C’est l’édito sport de Virginie Phulpin. Un édito pour les sportives ce matin, à l’occasion de la journée des droits des femmes. Pour vous, le développement et la reconnaissance du sport au féminin, reste une bataille de chaque jour.
Au départ je me suis dit ok on est le 8 mars, mais pourquoi est-ce qu’il faudrait forcément que je parle de sport au féminin aujourd’hui, je le fais régulièrement donc il n’y a pas de raison pour que là, ce soit une obligation morale. Ca ne doit pas être un devoir de bonne conscience du type "c’est bon j’ai parlé des femmes pour leur journée, on peut passer à autre chose ?" Mais en fait j’avais tort.
Chaque occasion est bonne pour parler des sportives. La médiatisation joue un rôle essentiel. Ca fait aussi partie de nos responsabilités, dans les médias, de tendre vers l’égalité. Il y a eu de grands changements depuis une dizaine d’années dans le développement du sport au féminin. Déjà on dit sport au féminin, et plus sport féminin, comme s’il s’agissait d’un sport un peu différent. Ca compte, les mots qu’on emploie. Il y a beaucoup de compétitions féminines qui ont connu un vrai succès, qui ont élargi leur public.

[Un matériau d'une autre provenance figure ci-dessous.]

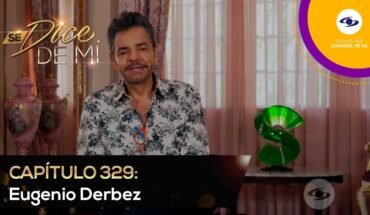 Video: Se Dice De Mí: ¿Eugenio Derbez se sentía opacado por Silvia, su madre?- Caracol TV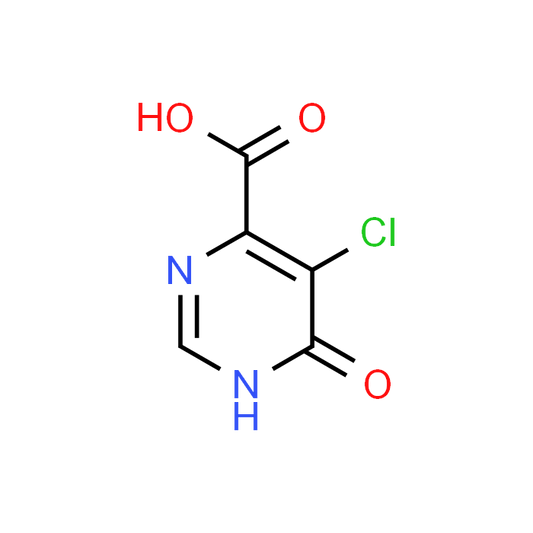 5-Chloro-6-oxo-1,6-dihydropyrimidine-4-carboxylic acid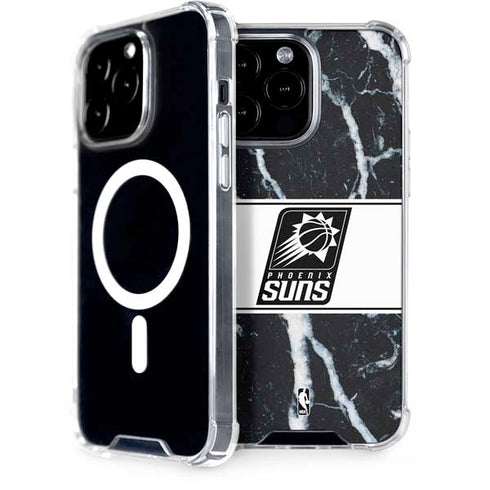NBA Phoenix Suns Marble iPhone 13 Pro Max MagSafe Case
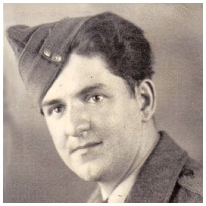 R/113949 - Sgt. - Rear Air Gunner - Jean Joseph 'Frenchie' Levasseur - RCAF - Age 20 - POW - in Camps L1/L6/357, POW No. 1145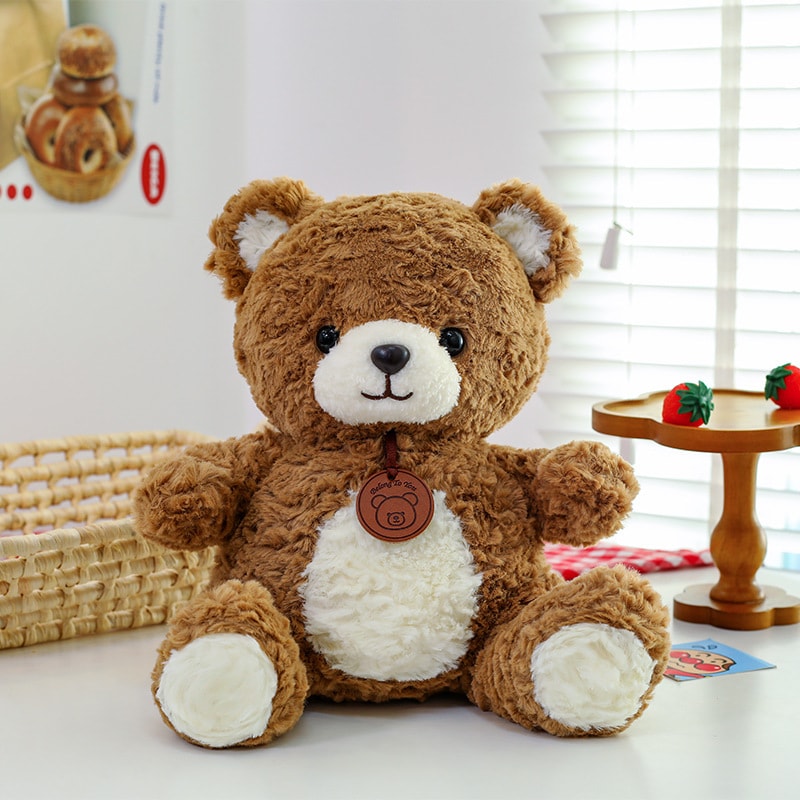Rakuten - 【癒しのくまさん】ぬいぐるみ テディベア くま 熊 クマ 抱き枕 抱きまくら もこもこ ふわふわ 柔らかい 玩具 おもちゃ 動物 添い寝 子ども 子供 女の子 男の子 大人 女性 誕生日 ギフト プレゼント 贈り物 お祝い 出産祝い クリスマス 記念日 インテリア 雑貨 可愛い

Maintenant, pour aller plus loin, il faut que les équipes dirigeantes se féminisent. Sinon, on va rester sur un vieux modèle d’instances sportives dirigées par des hommes, et donc plutôt en direction des hommes. Sur les 115 fédérations agréées par le ministère, 13 seulement sont dirigées par une femme. Alors certes, des quotas ont été instaurés, mais ça reste timide. Cela dit, pour l’élection à la tête du CNOSF, le comité olympique français, en juin, il y a 4 candidats. Deux femmes et deux hommes. Emmanuelle Bonnet-Oulaldj et Brigitte Henriques sont engagées, on est sur la bonne voie. Mais ça reste fragile, ces avancées.
Le sport au féminin souffre beaucoup depuis un an.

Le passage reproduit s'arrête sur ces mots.